Doubts weigh on ASX cash call
ASX shares plunged 6 per cent on Friday as investors expressed doubts over the reasons behind the sharemarket operator's $553 million capital raising.
The company emerged from a three-day trading halt to reveal it had raised $267 million so far in the discounted share offer to institutional investors, with retail investors to start taking up the offer from Monday.
The share offer is aimed at raising funds the exchange says are needed to meet new capital rules expected for its clearing house service.
Investors are able to buy two shares for every 19 shares at the lower price of $30.
There was a slight shortfall in the take-up, however, with large fund managers and other investors taking up only 96 per cent of the new shares available. The remaining 4 per cent of the rights entitlements were sold and cleared at $3.70 - with investors signed up to a shortfall arrangement paying $33.70 per new share, the company said.
The company's share price was just below $35 before the trading halt was lifted. The shares closed $2.69 lower to $33.15.
Although analysts expected the shares to trade lower as a result of the program, Deutsche Bank analyst Kieren Chidgey said the fall also showed a lack of confidence among investors over the decision to raise funds - especially when debt was so cheap and readily available.
"People are asking questions. They can't understand the rationale behind the way they've chosen to fund this through equity rather than debt," he said.
Mr Chidgey said the decision might lead some to assume the ASX's management wanted to save their debt capacity for acquisitions in the future. "This is a potential concern given you don't know what they're going to buy."
The offer, fully underwritten by UBS, was announced by the operator on Tuesday.
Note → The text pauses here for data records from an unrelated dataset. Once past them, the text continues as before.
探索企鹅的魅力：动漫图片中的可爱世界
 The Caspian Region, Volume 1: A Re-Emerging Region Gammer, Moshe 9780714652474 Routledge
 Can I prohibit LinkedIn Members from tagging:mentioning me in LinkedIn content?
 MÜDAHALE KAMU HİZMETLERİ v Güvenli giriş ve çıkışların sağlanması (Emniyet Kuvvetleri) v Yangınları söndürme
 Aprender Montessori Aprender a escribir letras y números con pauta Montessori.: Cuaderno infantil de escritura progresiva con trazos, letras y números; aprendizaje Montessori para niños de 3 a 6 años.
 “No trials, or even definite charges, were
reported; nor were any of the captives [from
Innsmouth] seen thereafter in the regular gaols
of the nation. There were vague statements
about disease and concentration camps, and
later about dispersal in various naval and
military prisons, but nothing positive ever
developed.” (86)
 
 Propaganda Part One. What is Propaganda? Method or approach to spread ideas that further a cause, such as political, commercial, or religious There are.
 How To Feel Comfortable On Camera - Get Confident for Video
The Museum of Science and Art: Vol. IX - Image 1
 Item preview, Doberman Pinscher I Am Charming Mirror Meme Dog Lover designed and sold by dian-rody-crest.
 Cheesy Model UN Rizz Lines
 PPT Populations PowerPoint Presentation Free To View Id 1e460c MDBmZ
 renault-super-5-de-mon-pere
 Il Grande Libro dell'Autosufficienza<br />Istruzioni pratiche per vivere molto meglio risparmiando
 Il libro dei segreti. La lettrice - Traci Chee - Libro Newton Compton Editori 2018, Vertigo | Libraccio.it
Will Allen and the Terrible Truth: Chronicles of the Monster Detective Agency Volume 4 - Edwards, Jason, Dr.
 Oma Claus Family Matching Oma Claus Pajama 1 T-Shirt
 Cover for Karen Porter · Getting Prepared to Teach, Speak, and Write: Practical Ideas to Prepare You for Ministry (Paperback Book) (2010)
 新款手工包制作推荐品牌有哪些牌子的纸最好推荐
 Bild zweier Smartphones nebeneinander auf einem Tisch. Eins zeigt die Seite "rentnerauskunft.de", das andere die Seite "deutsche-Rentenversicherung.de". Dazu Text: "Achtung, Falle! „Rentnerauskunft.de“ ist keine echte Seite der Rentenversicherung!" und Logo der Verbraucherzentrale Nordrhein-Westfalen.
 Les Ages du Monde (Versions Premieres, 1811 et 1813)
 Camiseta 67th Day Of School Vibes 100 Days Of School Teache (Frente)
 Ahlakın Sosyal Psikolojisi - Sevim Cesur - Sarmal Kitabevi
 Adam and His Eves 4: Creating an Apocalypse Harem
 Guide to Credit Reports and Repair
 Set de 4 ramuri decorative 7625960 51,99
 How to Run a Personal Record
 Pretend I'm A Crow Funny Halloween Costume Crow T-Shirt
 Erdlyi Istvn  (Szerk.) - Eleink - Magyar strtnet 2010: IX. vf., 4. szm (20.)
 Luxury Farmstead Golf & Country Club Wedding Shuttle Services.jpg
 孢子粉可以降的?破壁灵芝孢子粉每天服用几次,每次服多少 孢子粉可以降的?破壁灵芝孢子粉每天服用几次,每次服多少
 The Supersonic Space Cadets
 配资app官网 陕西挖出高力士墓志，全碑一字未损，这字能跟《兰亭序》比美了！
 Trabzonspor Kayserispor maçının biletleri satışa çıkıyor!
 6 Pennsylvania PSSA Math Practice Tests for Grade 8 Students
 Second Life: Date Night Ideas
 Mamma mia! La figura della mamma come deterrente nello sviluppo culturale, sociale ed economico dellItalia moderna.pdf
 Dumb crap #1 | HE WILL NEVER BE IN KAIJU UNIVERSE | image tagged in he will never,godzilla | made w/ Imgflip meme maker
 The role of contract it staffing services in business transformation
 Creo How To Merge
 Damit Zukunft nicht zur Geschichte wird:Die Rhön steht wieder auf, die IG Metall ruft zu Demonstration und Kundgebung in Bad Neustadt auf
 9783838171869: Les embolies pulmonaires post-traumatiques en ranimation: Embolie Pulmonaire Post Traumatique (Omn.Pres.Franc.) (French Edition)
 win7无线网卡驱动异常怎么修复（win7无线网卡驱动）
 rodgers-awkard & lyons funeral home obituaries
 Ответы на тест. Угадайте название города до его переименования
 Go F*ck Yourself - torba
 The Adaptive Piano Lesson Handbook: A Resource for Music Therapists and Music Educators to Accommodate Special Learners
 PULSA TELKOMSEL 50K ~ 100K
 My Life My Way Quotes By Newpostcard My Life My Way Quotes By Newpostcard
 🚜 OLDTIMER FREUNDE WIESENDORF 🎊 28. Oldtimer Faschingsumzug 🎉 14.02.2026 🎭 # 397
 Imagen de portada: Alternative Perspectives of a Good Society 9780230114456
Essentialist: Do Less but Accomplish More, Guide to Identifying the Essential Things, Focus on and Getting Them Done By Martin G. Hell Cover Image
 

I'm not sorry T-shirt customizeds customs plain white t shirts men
It was expected to dilute earnings per share by 5.1 per cent.
The company said the money raised would go to ASX Clear, the clearing facility for all futures and options, and to paying off $250 million in debt from a subsidiary, ASX Clearing Corporation.
ASX chief Elmer Funke Kupper said the funds would help the company compete with foreign clearing houses. "If you want to play on the global stage, you need to adhere to the highest available standards," he said.
The company also issued an update on its performance, warning it would pay a final dividend of 81¢, about 12 per cent below analyst forecasts. Its full-year profit would be about $346 million, just below market forecasts.
ASX Ltd hopes to raise a further $286 million in the retail share offer.